Disbelieving in literary deep meanings is roughly the equivalent of being an atheist. We have a strong propensity to find them in both natural and cultural phenomena. Stars and entrails are interpreted as symbols of a deeper reality, and we create such devices as the I Ching and the Tarot deck to gain entrance to a hidden world of meaning. Dreams, which straddle nature and culture are, perhaps, the most common object upon which to exercise the impulse, and Hayden White reminds us that this propensity has also been part of our intellectual tradition

from the time that Plato set the world of ideas over against the world of things and Aristotle set the contemplative life over against the active life as end to means. This Absurdist moment [White is speaking about post-structuralist [End Page 256] literary interpretation] was potentially present from the beginning of modern European humanism, with its gnostic bent, its celebration of scholarship as an end in itself, its notion of privileged readers enjoying the status of priests interpreting the book of life. It was potentially present in modern Western philosophy, with its insistence that things are never what they appear to be but are manifestations of noumenal essences whose reality must be supposed but whose "natures" can never be known.4

We are often not content with surface meaning in life and texts, but wish to find what Paul Tillich calls, none too modestly, "ultimate reality," which "characterizes the whole appearing world as non-ultimate, preliminary, transitory and finite," and "it is the awareness of the deceptive character of the surface of everything we encounter which drives one to discover what is below the surface."5

There is, however, an oddity that may offer non-believers in deep interpretation some consolation. Philosophical texts, which share many characteristics with literary ones (see below, p. 4, for a discussion of the relevant similarities), are almost wholly immune from deep interpretation. There is no hope for us skeptics that literary deep interpreters will abandon their trade, so all we can do is console ourselves with trying to understand why our rich and beloved surfaces are so often abandoned for the very dubious depths. Crews says that interpreters "yearn to have their 'values' validated by books—the killer app of the 1400s" (Postmodern Pooh, p. 136); yes, but why don't other disciplines, such as history and philosophy, engage in the same practice? What is it about literature that makes it vulnerable? Why, in particular, are philosophical texts almost totally immune to such interpretation? As my title puts it, why Poe, why not Peirce?
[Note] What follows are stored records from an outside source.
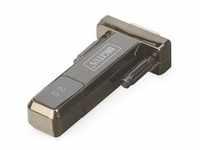 USB 2.0 Adapter, USB-A Stecker > Seriell RS232 Stecker - schwarz, inkl. 80cm
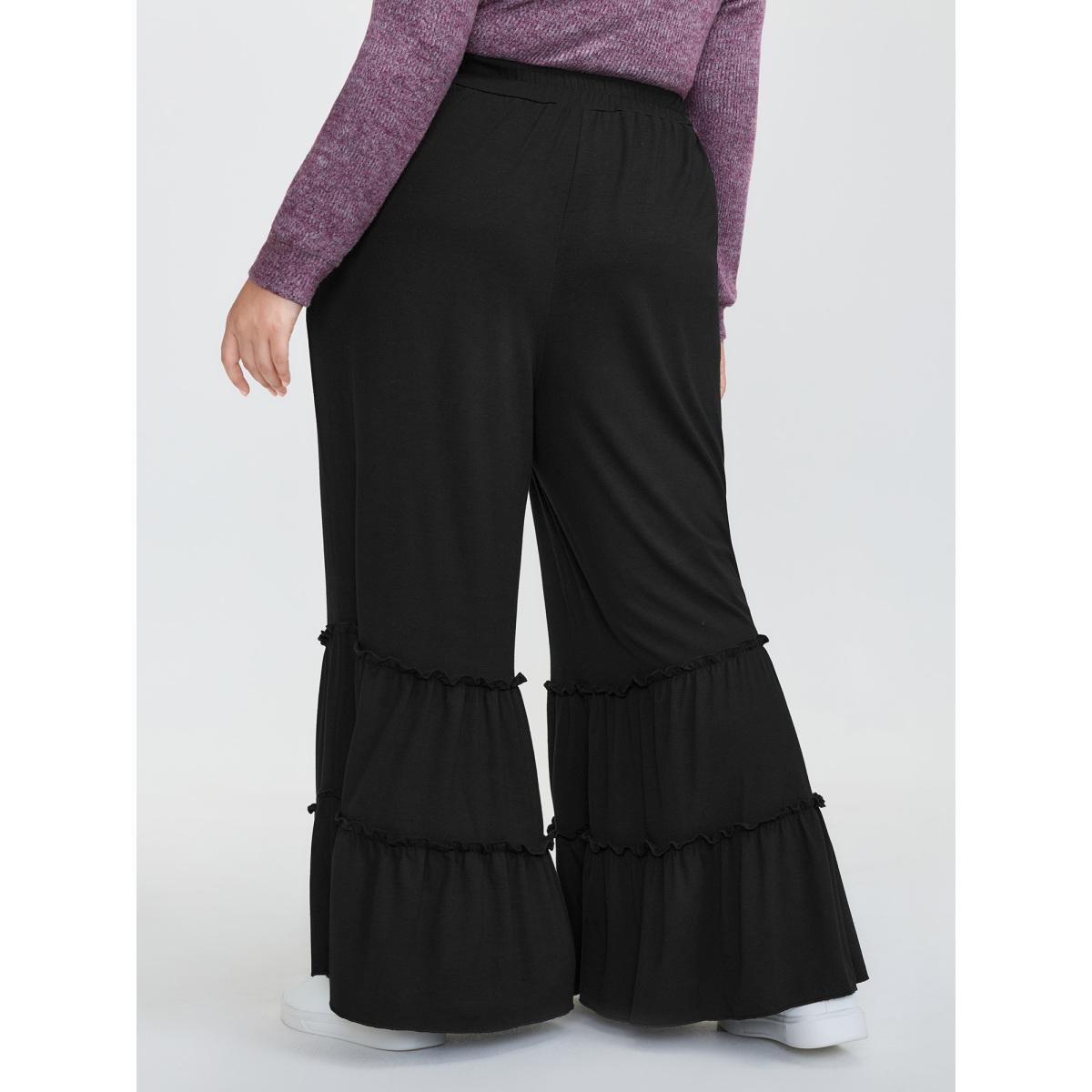 Plus Size Stretchy Ruffled Hem Tiered Pants Women Black Leisure Loose Mid Rise Casual Pants BloomChic 14-16/1X Product Image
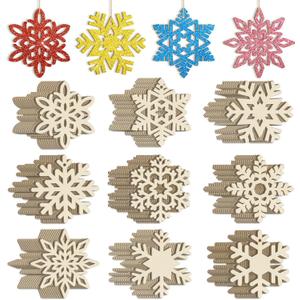 36PCS Hollow Wooden Snowflake Ornaments for Paint Christmas Tree Decorations 9 Styles, Unfinished Wood Snowflakes for Crafts DIY Blank Cutouts Ornament Winter New Year Hanging Decorations (Large)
But why just Poe and Peirce, philosophy and literature, in the first place? There are, of course, many other kinds of discourse, but literary and philosophical texts have an especially intimate relationship. First, they have a canonical status that, for example, history no longer does, and it is the canon that attracts hermeneutic attention. Students of philosophy and literature learn a canon—or did until recently, and that is not true of modern historians, psychologists, and economists. Second...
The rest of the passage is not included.